If House Republicans are given the chance, they'll end real investigations and start electoral schemes masquerading as oversight hearings.
House Minority Leader Kevin McCarthy speaks  during a meeting with House Republicans on Aug. 30, 2021 in Washington, DC.
House Minority Leader Kevin McCarthy speaks during a meeting with House Republicans on Aug. 30, 2021 in Washington, DC.Drew Angerer / Getty Images file

House Minority Leader Kevin McCarthy made an infamous mistake in September 2015: The California Republican effectively admitted that the Republicans' Benghazi investigation was a political scheme to undermine Hillary Clinton's presidential campaign. It was a striking reminder that GOP leaders were comfortable using congressional probes for electoral purposes.

Six years later, it's hardly a secret that the party has similar ambitions. Just a few weeks ago, Republican Rep. Matt Gaetz of Florida, looking ahead to the next Congress, told reporters, "We are going to take power after this next election and when we do, it's not going to be the days of Paul Ryan and Trey Gowdy and no real oversight and no real subpoenas. It's going to be the days of Jim Jordan and Marjorie Taylor Greene and Dr. [Paul] Gosar and myself doing everything to get the answers to these questions."
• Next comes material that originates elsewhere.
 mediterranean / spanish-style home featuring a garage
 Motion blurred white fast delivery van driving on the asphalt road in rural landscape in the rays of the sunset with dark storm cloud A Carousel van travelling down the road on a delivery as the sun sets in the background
But what, exactly, are the questions? Nearly a year into Joe Biden's presidency, there have been no meaningful political scandals for his GOP detractors to scrutinize, but Axios reported that House Republicans, hoping to reclaim a majority next year, are already writing up a list.

The plans, obtained exclusively by Axios, show House Republican Leader Kevin McCarthy would make muscular use of majority powers for the last two years of President Biden's term if, as expected, the GOP wins the majority in next year's midterms. McCarthy plans to send a spate of "preservation notices" to departments throughout Biden's Cabinet, ordering them to retain documents that might be needed for future GOP oversight hearings.
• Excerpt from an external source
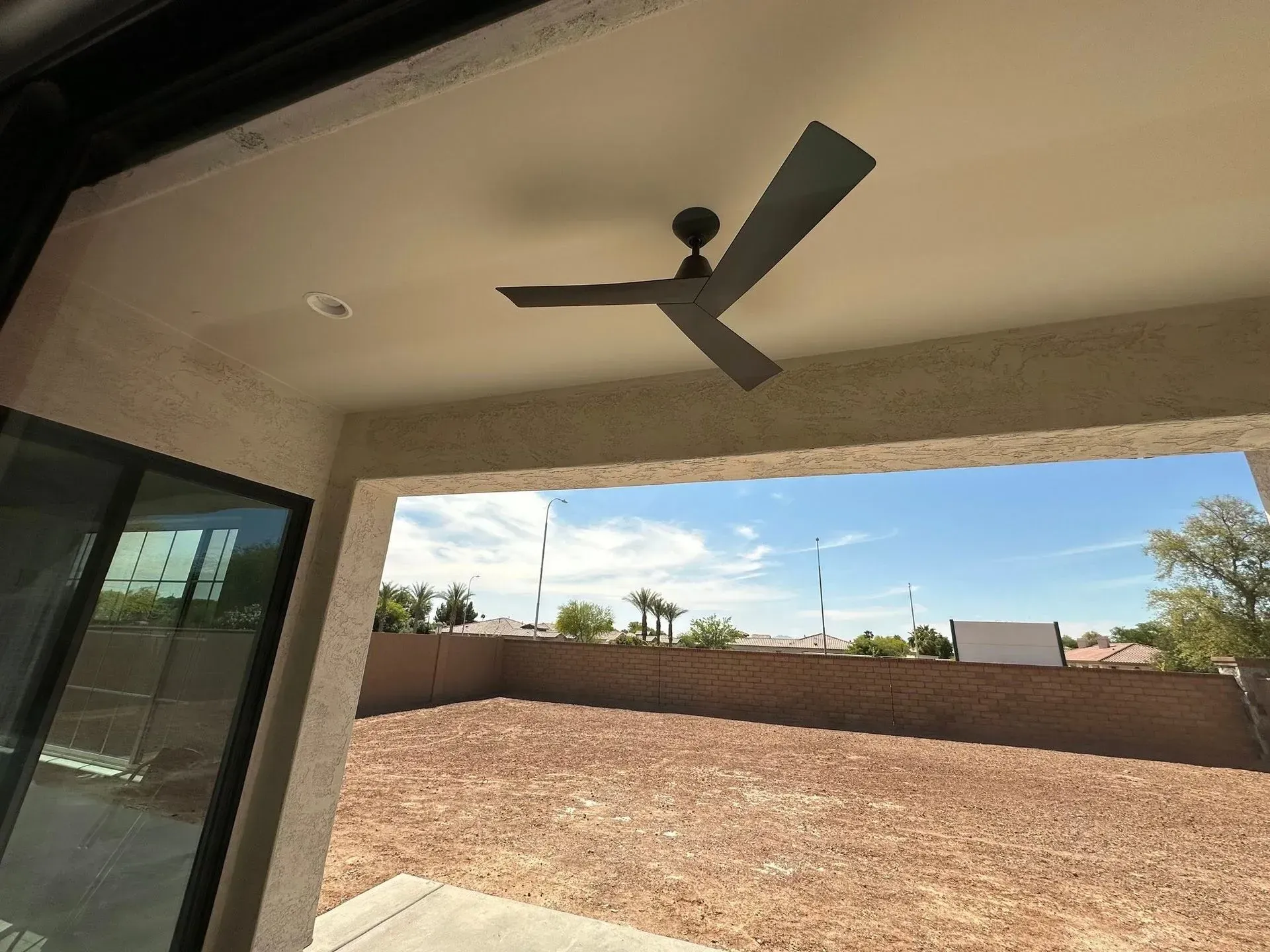 Covered patio with a ceiling fan, sliding glass door, and a fenced dirt backyard under a blue sky.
Right off the bat, we already know that a House Republican majority, should it materialize, would end the investigation into the Jan. 6 attack. It's one of the reasons that the bipartisan panel is racing to get answers now — because it has 12 months to get answers and release its findings.

We also know how likely it is that the GOP won't have a legislative agenda to work on — especially given the Democratic White House — which means the party can invest all of its energies into electoral schemes masquerading as congressional oversight hearings.
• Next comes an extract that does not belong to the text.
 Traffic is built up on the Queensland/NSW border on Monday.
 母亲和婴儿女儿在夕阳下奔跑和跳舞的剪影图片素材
As for what, specifically, Republicans intend to investigate, Axios' report pointed to some doozies, including dubious concerns that the NSA spied on Fox News' Tucker Carlson and the Justice Department's efforts to protect educators from violent threats.

Remember, this isn't a situation in which GOP lawmakers genuinely believe the NSA spied on a conservative media host, or that federal law enforcement sent FBI agents to unsuspecting homes to harass parents for asking harmless questions at school board meetings. It's McCarthy's 2015 Benghazi strategy all over again: Republicans believe they can score political points by way of congressional spectacles.

The party has an unfortunate track record in this area — remember when then-Rep. Dan Burton shot a melon in his back yard in pursuit of anti-Clinton conspiracy theories? — and if voters give Republicans a chance, the GOP seems eager to make matters worse.

Axios' report concluded, "McCarthy plans to beef up staff, counsel and other resources to be ready to extract information beginning Day 1 if the GOP gets the gavel." Watch this space.